● **Exercise requirements**: Transcribe the entries below exactly; leave every image out.
BEGIN Dataset extract
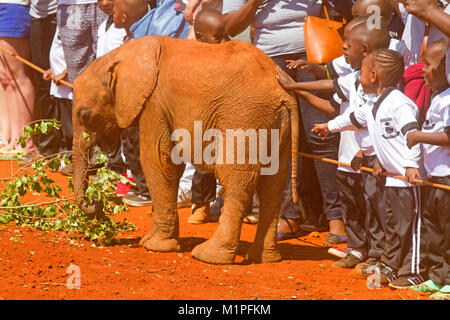 Elefanten Show an der David Sheldrick Elefanten Waisenhaus in Nairobi. Stockfoto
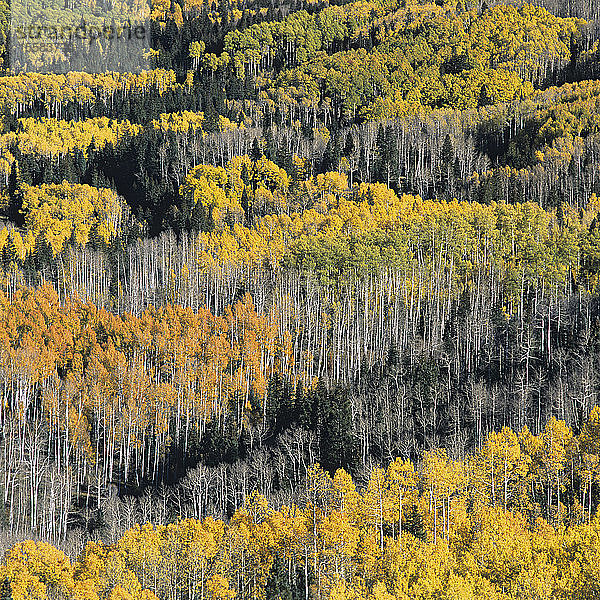 USA  Colorado  Ansicht eines Birkenwaldes im Herbst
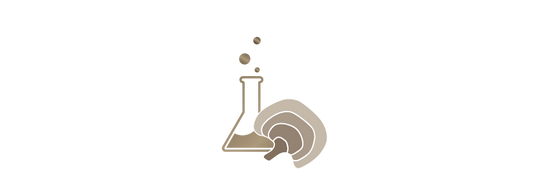 Dynamic Extraction and Concentration Technologies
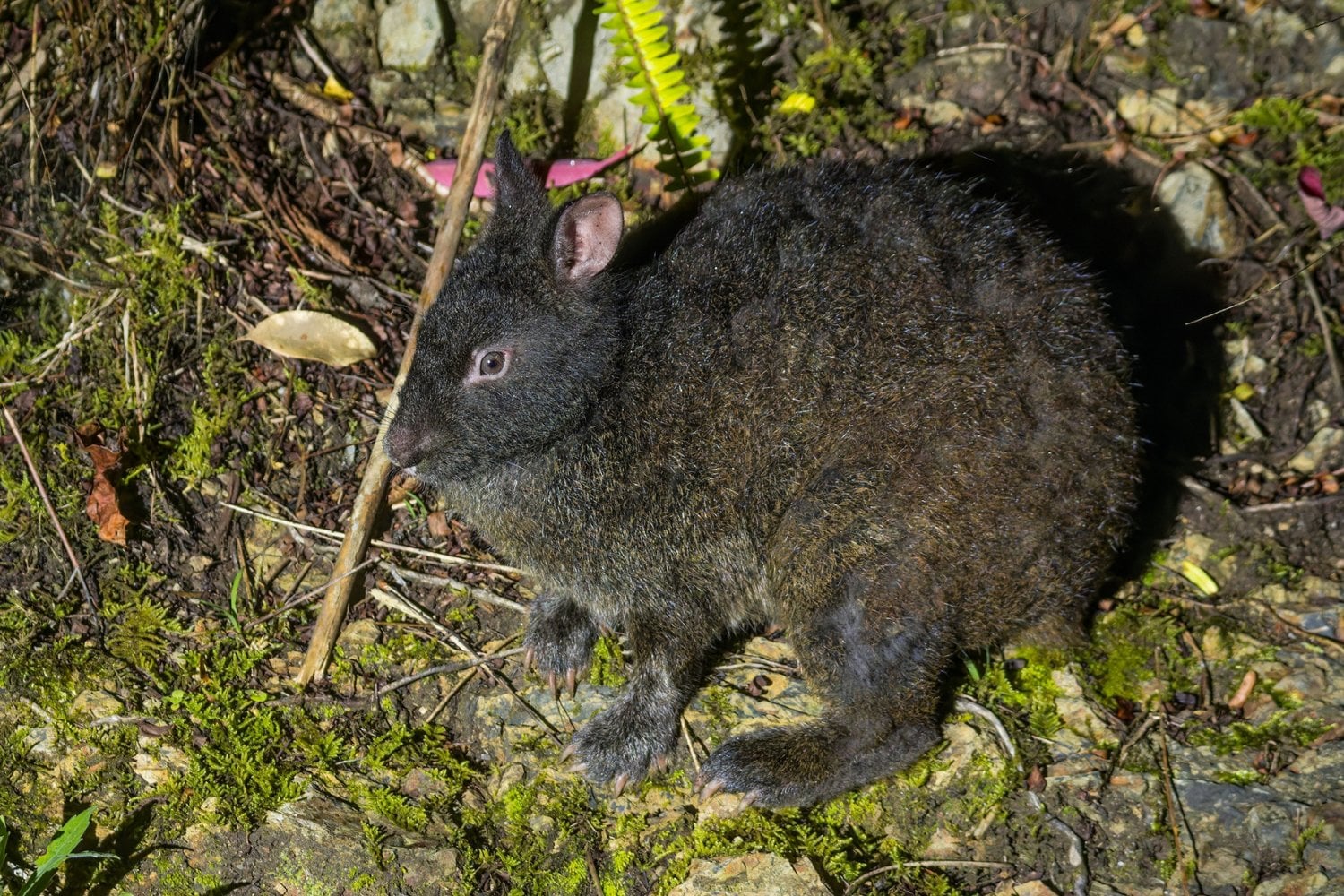 Conejo De Amami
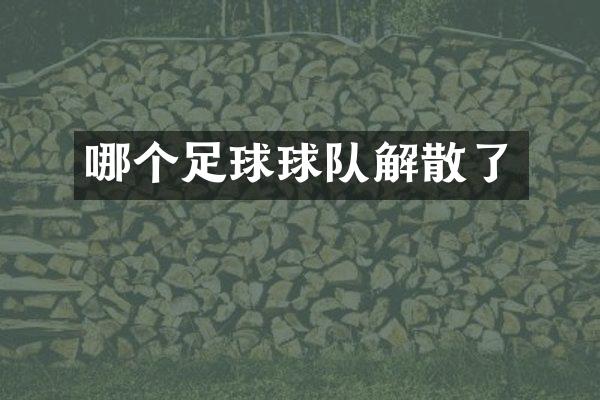哪个足球球队解散了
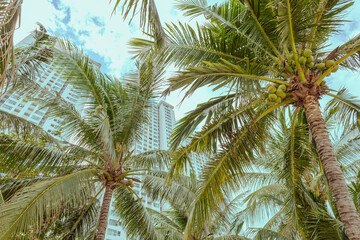 palm trees with coconuts against the background of white residential complexes and offices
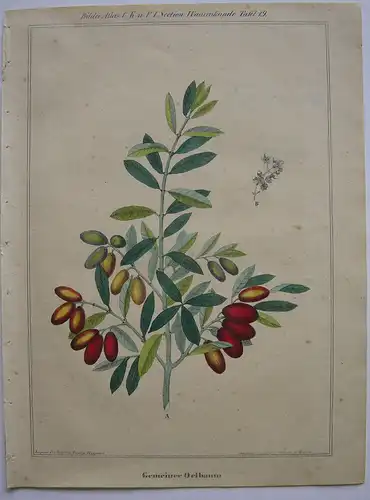 Gemeiner Oelbaum Ölbaum Zweig mit Oliven kolor Orig. Lithografie 1842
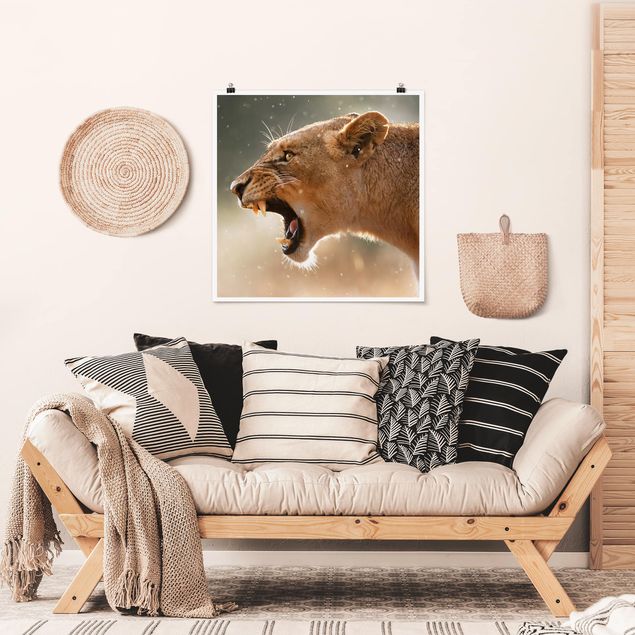 Poster - Löwin auf der Jagd - Quadrat 1:1
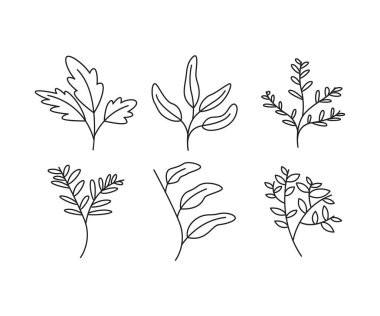 Dekoratif çiçek çerçeveleri çizgi çizimi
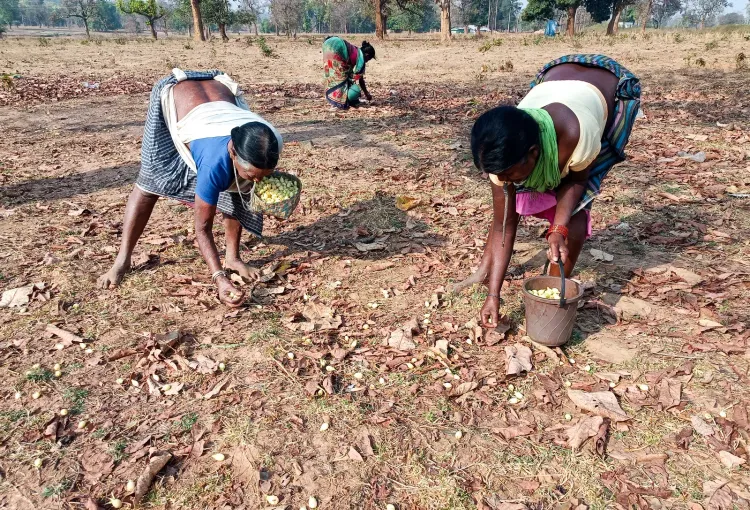 Rural, tribal budgets surge as Centre pushes inclusive growth in 2026-27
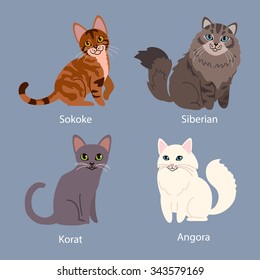 Set of cartoon cats with different colored fur standing, sitting or walking vector illustrations. Different breeds of cats: angora, korat, siberian, sokoke.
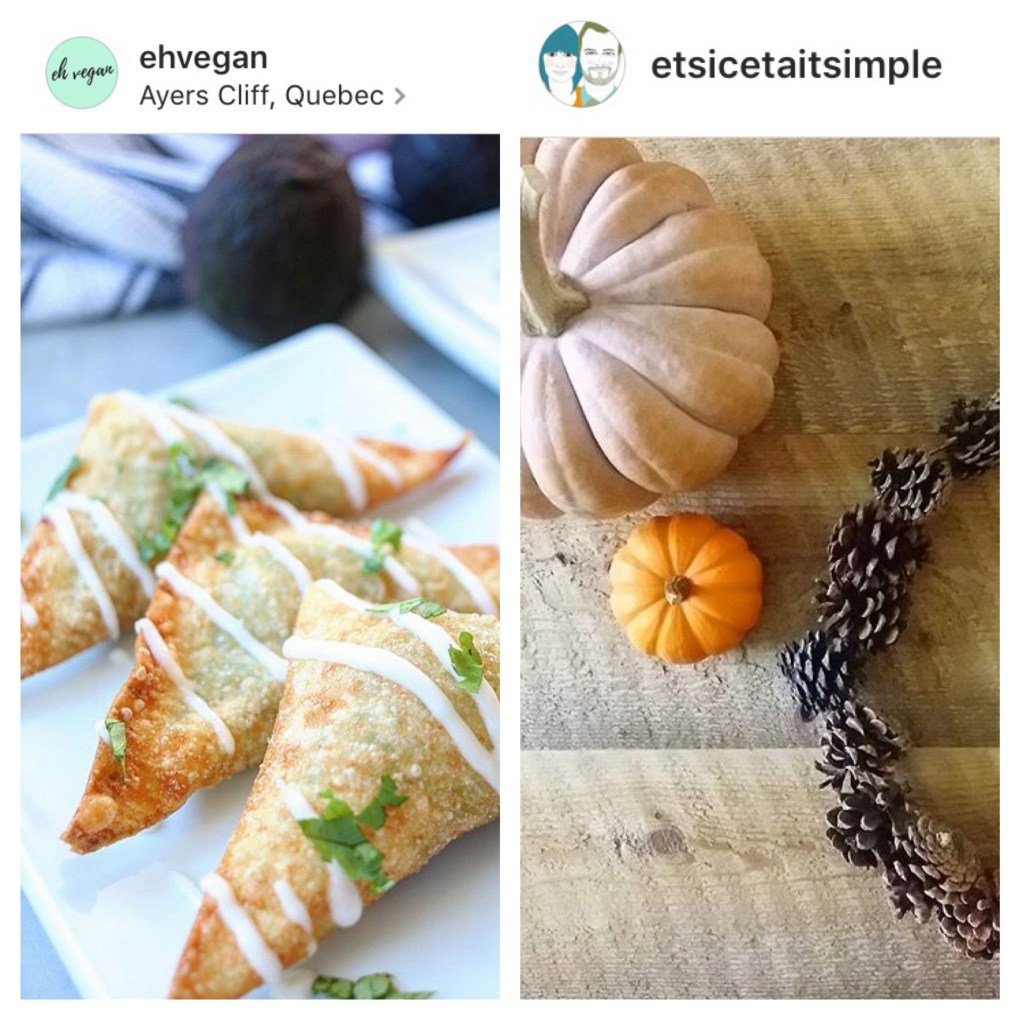 eh-vegan-etsicetaitsimple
END Dataset extract
● **Reply to the task**:
 Elefanten Show an der David Sheldrick Elefanten Waisenhaus in Nairobi. Stockfoto
 USA  Colorado  Ansicht eines Birkenwaldes im Herbst
 Dynamic Extraction and Concentration Technologies
 Conejo De Amami
哪个足球球队解散了
 palm trees with coconuts against the background of white residential complexes and offices
 Gemeiner Oelbaum Ölbaum Zweig mit Oliven kolor Orig. Lithografie 1842
 Poster - Löwin auf der Jagd - Quadrat 1:1
 Dekoratif çiçek çerçeveleri çizgi çizimi
 Rural, tribal budgets surge as Centre pushes inclusive growth in 2026-27
 Set of cartoon cats with different colored fur standing, sitting or walking vector illustrations. Different breeds of cats: angora, korat, siberian, sokoke.
 eh-vegan-etsicetaitsimple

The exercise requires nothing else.